Jednak w 2014 roku zespół zadecydował o zawieszeniu swojej działalności, a artysta postawił na solową karierę. 72-latek koncertuje do tej pory, ale okazało się, że nie robi tego tylko z pasji…
W 2010 roku Krzysztof Cugowski udzielił wywiadu dziennikarzom “Super Expressu” i jako świeżo upieczony emeryt przyznał, że na jego konto z Zakładu Ubezpieczeń Społecznych wpływa zaledwie 570 złotych miesięcznie.
Mówił wówczas: “nie dałbym rady przeżyć z tego, co ZUS jest mi łaskaw zapłacić, więc będę musiał śpiewać do śmierci jak Mieczysław Fogg”. – Problem w tym, że w czasach PRL-u w zasadzie nie było zawodu muzyka. Nie mieliśmy etatów, dostawaliśmy jedynie umowy-zlecenie na koncert lub na trasę – stwierdził muzyk.
Cugowski wielokrotnie zaznaczał, że nie żali się na swój los i cieszy się, że w okresie swojej sławy mógł odłożyć nieco pieniędzy. W rozmowie z magazynem “Na żywo” mówił, że “nie jest kompletnym szaleńcem” i, że nie chciałby, aby jego dzieci musiały go utrzymywać.
Obecnie emerytura wokalisty może wynosić niecałe 2 tysiące złotych.
Emerytury gwiazd od lat są źródłem wielu kontrowersji. Piosenkarze czy aktorzy coraz częściej przestają ukrywać, że mieliby kłopot z utrzymaniem się wyłącznie ze świadczenia z ZUS-u.

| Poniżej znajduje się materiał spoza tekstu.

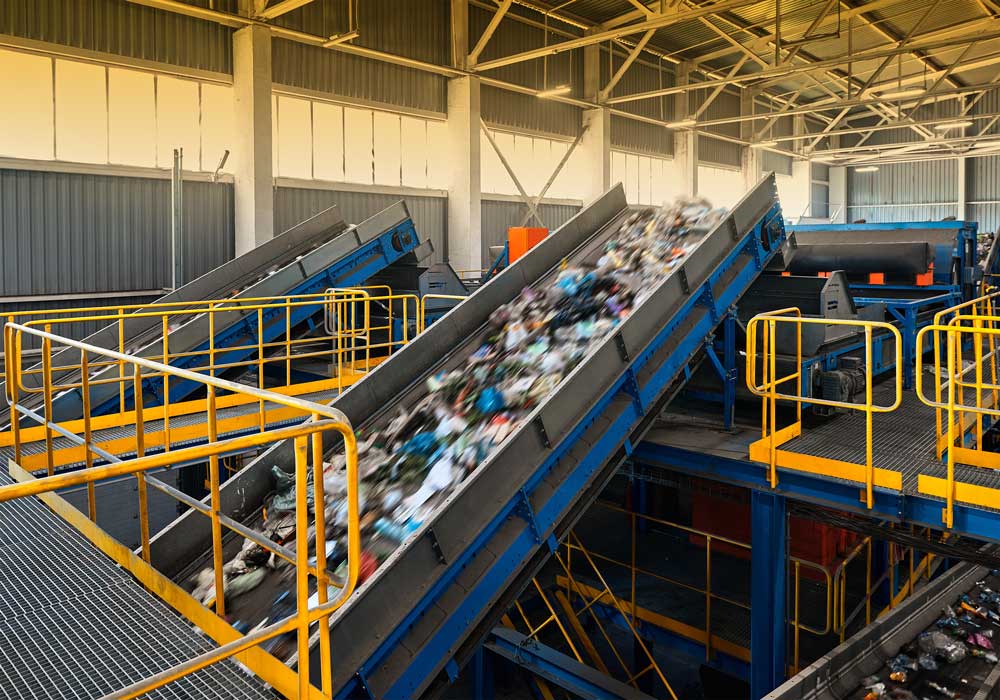 2270914121-recycling-conveyor Recycling Industry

W ostatnim czasie o niskiej emeryturze mówiła także Maryla Rodowicz, legenda polskiej sceny muzycznej. Mimo tego, iż ma znaczący staż pracy i wiele osiągnieć na swoim koncie, to jej emerytura, podobnie jak w przypadku Krzysztofa Cugowskiego, wynosi około 2 tysięcy złotych.

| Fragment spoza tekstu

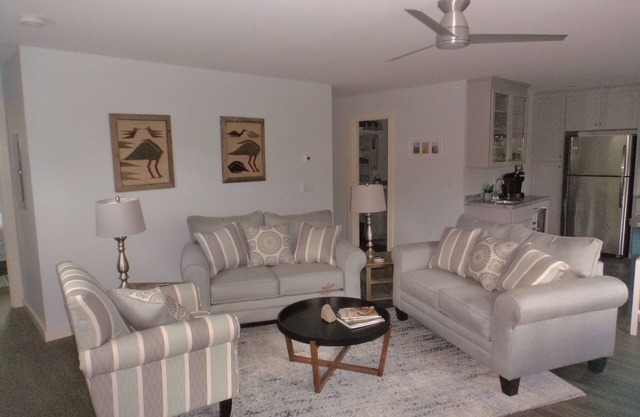 Eight minutes to Sunday River! Two bdrm apartment. Ski, hike, bike & relax.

Sposób na niskie emerytury, wynikające m.in. z pracy na umowach cywilno-prawnych, od których odprowadzane były niskie składki, znalazł Zenek Martyniuk. Dwa lata temu zapobiegliwy król disco-polo wyznał, że regularnie opłaca składkę w wysokości 4 tysiące złotych miesięcznie. Dzięki tej wpłacie, gwarantuje sobie świadczenie emerytalne w wysokości około 5 tysięcy złotych.